A lo que Lewis quiere llegar con el caso de Allison es que no puede juzgarse la “bondad” o “maldad” de una droga en abstracto. En efecto podría ser un tanto cuestionable ir animando a la juventud a que tomen cocaína. Pero la gente que toma cocaína suele dejarla cuando se cansan de ella. Solo los adictos, que es un caso bien distinto, son los que pueden acabar con su vida destrozada. En este sentido, tal vez hubiera que hilar más fino que lo que hace Lewis, pero parece casi innegable que el daño o el beneficio de cada droga hay que ajustarlo, medirlo o pensarlo según el estado particular de cada individuo.

Como animales que modificamos el entorno y que nos gusta trastear con los objetos, trucar nuestro sistema nervioso (ahora diríamos hackear) es algo que hacemos desde que nacemos, incluso sin que sea nuestra intención. La leche materna contiene pequeñas dosis de opiáceos: su efecto tranquilizante ante el miedo es una ayuda evolutiva fundamental. Jugar con el sistema nervioso central es uno de nuestros pequeños placeres.

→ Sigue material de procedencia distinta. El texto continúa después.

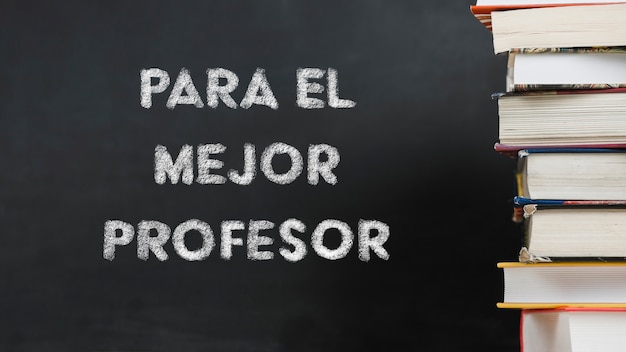 【外地车进京规定2014,外地车进京规定2020时间限制】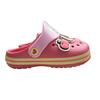 Planning Sanrio EVA Sandals for Hello Kitty Size 22cm J's Adults, Wink, (MEV527)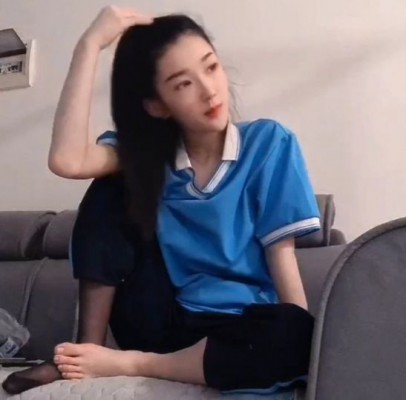 230401vhdedt53tqb1q0aj.jpg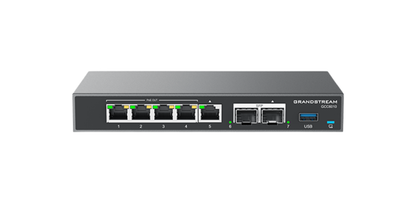 Grandstream GCC6010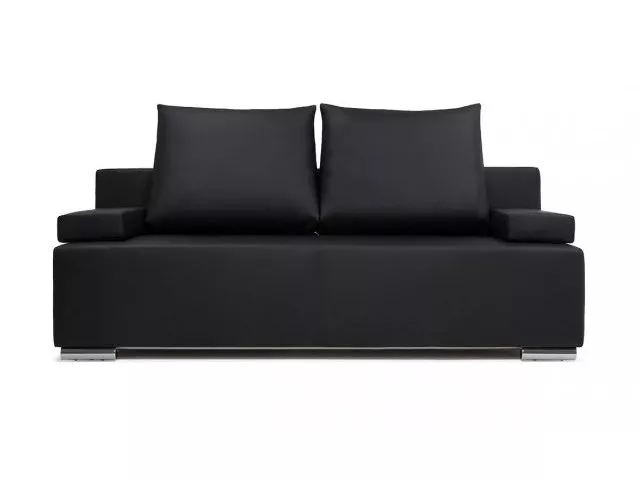 Диван еврокнижка Палермо Sofa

Por este motivo, juzgar “malas” o “buenas” a las drogas simplemente bajo criterios morales, o establecer categorías que funcionan (y de mala manera) en abstracto, crea más problemas que soluciones. Por no mencionar la desinformación interesada que es mucho más peligrosa que saber los efectos concretos de un producto. Así, el estudio de las drogas y las adecuadas políticas de información ayudan a solucionar en parte las situaciones en las que sí surgen problemas, como el de las sobredosis o las adicciones. Mientras tanto, el deber de los estados tendría que ser la inversión e investigación de todo tipo de drogas. Tal vez de este modo acabaríamos con los problemas de la droga “mala”.